I initially thought this was a UDP receiver window size issue and tried to adjust it (sysctl -w net.core.rmem_max=10240000) but this did not help. A look at the tcpdump showed the that 60k packets were just not arriving at the remote host. Only the 43k packets was.

The solution was to decrease the frag size down to 16k (32k may have been fine but we were being conservative). There is some internal AWS limit to the packet sizes as they travel around Amazon's virtual network that is filtering large UDP packets above maybe 50k. The default Jgroups fragment size (60k) is to big IMO and probably should be decreased to 32k or something.

We submitted a ticket on this with Amazon and they acknowledged the issue but the general response was that it was difficult for them to fix. We had tweaked the fragment sizes and were working so the ticket was closed. To quote from the ticket:

From: Amazon Web Services

This is an update for case XXXXXXXXX. We are currently limited to packet sizes of 32k and below on Amazon EC2 and can confirm the issues you are facing for larger packet sizes. We are investigating a solution to this limitation. Please let us know if you can keep your packet sizes below this level, or if this is severe problem blocking your ability to operate.

We are actively looking into increasing the packet size along with other platform improvements, and apologize for this inconvenience.

Couple of other comments about EC2. First, we've see TTL's of >8 necessary for hosts in the same availability zone. If you are using multicast, make sure your TTL is set to 128 or something. We thought this initially was the problem but ultimately it was not.

Hope this helps others.

Question 2

Without adding any element to the answer, I would like to add an alternative way of detecting the same issue.

I'm not a tcpdump expert, then I analysed the issue with debugging and logging.

In our case, a message was split in a number of smaller packets (given the frag_size parameter of FRAG2).
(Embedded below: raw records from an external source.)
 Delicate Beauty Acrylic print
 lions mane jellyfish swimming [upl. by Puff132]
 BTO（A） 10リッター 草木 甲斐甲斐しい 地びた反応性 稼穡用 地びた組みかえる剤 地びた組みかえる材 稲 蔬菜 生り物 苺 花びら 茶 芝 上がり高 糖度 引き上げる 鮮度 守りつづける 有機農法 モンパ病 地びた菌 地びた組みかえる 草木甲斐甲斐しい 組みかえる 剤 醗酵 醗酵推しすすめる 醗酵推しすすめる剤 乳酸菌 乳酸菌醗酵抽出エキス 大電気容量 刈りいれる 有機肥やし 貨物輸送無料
Some of them (not necessarily the last one) were randomly not transmitted: typically, packets 1 to 19 were transmitted correctly, 21 was transmitted but 20 was missing.

This was followed by a large number of round-trips between the 2 instances:

The client would be missing packet #20, it acknowledges again #19 and asks for 20; the server would send #20 which is requested explicitely and #21 which has not been acknowledged

The client missing #20 would receive #21 (but not #20), re-acknowledge #19, re-ask #20 and so on for a time from 1 second to 50 seconds.

At the end, the client which is missing #20 generally completes (even if #20 has never been received) without saying anything.